Do 12.01.2012
Das Bundeskinderschutzgesetz baut auf den beiden Säulen Prävention und Intervention auf. Es stärkt alle Akteure, die sich für das Wohlergehen unserer Kinder engagieren - angefangen bei den Eltern, über den Kinderarzt oder die Hebamme bis hin zum Jugendamt oder Familiengericht.

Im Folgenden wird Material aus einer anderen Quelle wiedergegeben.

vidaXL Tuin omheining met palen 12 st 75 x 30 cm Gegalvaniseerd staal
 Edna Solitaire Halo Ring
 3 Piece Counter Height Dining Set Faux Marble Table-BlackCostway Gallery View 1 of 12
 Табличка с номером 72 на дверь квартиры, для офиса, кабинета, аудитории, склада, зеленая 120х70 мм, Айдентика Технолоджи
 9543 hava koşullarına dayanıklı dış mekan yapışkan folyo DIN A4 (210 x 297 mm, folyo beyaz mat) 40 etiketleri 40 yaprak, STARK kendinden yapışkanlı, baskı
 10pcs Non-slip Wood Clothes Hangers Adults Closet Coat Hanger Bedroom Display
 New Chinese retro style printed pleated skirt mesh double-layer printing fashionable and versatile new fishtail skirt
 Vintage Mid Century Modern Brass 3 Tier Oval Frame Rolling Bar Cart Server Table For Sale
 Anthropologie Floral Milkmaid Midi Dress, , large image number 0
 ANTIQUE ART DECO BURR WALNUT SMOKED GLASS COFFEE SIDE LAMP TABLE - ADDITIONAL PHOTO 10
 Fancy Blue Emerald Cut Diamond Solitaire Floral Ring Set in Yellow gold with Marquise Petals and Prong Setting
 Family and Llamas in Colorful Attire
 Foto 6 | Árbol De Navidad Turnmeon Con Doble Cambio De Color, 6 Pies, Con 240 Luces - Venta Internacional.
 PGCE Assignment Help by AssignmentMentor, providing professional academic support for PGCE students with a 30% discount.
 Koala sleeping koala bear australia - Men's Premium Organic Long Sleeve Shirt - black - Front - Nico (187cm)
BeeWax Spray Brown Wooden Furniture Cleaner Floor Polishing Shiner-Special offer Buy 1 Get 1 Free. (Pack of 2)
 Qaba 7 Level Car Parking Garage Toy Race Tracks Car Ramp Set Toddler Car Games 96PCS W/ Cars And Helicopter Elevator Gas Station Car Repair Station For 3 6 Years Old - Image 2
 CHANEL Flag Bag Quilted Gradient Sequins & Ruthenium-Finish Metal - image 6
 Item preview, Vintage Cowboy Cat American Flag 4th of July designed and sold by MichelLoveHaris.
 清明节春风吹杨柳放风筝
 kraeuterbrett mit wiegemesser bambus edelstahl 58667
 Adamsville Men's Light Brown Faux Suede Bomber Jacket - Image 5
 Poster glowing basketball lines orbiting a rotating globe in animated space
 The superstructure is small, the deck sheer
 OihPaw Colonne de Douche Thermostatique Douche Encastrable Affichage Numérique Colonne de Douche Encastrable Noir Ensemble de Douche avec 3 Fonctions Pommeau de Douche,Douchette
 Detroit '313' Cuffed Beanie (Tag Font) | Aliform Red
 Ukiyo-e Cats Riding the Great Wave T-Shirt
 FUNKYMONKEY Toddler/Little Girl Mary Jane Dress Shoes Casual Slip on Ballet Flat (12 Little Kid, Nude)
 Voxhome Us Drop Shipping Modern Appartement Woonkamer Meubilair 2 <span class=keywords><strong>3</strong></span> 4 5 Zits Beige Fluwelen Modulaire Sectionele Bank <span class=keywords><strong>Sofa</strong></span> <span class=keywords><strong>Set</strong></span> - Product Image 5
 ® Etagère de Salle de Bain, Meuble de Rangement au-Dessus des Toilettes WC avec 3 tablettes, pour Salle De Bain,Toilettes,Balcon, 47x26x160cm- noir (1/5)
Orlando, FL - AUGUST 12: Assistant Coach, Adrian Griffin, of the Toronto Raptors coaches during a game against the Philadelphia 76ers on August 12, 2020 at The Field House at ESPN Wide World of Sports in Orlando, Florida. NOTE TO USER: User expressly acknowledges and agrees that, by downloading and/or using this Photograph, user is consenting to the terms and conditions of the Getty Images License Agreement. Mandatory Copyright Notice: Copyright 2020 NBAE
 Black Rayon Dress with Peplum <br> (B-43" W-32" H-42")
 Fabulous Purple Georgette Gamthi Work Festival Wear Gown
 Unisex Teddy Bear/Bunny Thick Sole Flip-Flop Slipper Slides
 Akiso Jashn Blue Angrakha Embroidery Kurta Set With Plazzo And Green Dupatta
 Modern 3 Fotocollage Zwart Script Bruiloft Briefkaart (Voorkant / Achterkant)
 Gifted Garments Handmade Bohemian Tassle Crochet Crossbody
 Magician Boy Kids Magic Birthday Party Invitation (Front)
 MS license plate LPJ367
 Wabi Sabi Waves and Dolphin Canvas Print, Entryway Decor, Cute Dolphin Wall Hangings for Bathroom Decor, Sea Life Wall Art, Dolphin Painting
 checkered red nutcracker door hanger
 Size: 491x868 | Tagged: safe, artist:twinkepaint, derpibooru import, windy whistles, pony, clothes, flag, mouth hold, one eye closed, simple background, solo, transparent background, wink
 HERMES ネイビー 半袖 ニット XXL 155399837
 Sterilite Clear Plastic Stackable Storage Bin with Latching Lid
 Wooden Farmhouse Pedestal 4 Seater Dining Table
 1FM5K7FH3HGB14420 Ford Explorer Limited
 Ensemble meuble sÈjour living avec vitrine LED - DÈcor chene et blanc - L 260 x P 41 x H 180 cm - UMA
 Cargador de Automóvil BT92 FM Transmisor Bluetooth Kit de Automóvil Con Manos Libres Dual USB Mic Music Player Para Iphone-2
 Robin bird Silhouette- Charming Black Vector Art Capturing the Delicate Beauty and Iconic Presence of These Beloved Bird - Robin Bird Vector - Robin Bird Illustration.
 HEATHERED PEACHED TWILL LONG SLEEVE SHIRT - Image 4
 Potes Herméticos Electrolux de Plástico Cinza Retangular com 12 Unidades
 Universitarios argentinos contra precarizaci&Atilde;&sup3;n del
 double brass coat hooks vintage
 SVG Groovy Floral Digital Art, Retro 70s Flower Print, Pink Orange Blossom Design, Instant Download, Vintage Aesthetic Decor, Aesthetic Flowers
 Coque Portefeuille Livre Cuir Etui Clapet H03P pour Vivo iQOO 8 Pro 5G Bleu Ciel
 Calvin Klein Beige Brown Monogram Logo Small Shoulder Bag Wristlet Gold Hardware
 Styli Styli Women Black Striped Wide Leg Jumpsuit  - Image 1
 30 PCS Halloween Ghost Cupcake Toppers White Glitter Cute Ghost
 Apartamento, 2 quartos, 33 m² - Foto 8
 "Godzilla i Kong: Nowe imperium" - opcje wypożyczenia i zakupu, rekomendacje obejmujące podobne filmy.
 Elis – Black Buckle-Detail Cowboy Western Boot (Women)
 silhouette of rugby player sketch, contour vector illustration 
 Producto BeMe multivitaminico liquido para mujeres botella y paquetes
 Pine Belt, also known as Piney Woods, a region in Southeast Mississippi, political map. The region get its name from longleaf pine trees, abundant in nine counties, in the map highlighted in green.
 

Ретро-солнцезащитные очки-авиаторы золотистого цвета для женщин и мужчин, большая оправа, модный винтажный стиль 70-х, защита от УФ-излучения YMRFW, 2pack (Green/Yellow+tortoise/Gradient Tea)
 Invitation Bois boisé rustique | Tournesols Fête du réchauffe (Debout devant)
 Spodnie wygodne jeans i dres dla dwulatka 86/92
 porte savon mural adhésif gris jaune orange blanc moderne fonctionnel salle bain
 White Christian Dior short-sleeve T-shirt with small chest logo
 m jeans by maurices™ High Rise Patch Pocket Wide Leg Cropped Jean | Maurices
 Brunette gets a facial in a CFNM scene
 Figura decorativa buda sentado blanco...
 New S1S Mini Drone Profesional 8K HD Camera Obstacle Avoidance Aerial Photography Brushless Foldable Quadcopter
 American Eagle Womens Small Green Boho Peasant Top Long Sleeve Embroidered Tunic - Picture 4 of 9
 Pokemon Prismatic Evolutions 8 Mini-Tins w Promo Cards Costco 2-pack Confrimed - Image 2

Das Gesetz steht für einen aktiven Kinderschutz vor allem durch folgende Regelungsbereiche:
Das Gesetz schafft die rechtliche Grundlage dafür, leicht zugängliche Hilfeangebote für Familien vor und nach der Geburt und in den ersten Lebensjahren des Kindes flächendeckend und auf einem hohen Niveau einzuführen und zu verstetigen. Alle wichtigen Akteure im Kinderschutz – wie Jugendämter, Schulen, Gesundheitsämter, Krankenhäuser, Ärztinnen und Ärzte, Schwangerschaftsberatungsstellen und Polizei – werden in einem Kooperationsnetzwerk zusammengeführt.
Das Bundesfamilienministerium stärkt mit einer Bundesinitiative ab 2012 vier Jahre lang den Aus- und Aufbau von Netzwerken Früher Hilfen und den Einsatz von Familienhebammen in den Ländern und Kommunen. Hierfür stellt der Bund im Jahr 2012 30 Millionen Euro, im Jahr 2013 45 Millionen Euro und in den Jahren 2014 und 2015 jeweils 51 Millionen Euro zur Verfügung.
Nach Ablauf des Modellprogramms ist der Bund verpflichtet, sein finanzielles Engagement im Bereich der Frühen Hilfen und der psychosozialen Unterstützung von Familien mit kleinen Kindern über 2015 hinaus dauerhaft in Höhe von 51 Millionen Euro jährlich fortzuführen. Damit trägt der Bund über die Hälfte der Mehrbelastungen, die durch das Bundeskinderschutzgesetz bei den Ländern und Kommunen entstehen.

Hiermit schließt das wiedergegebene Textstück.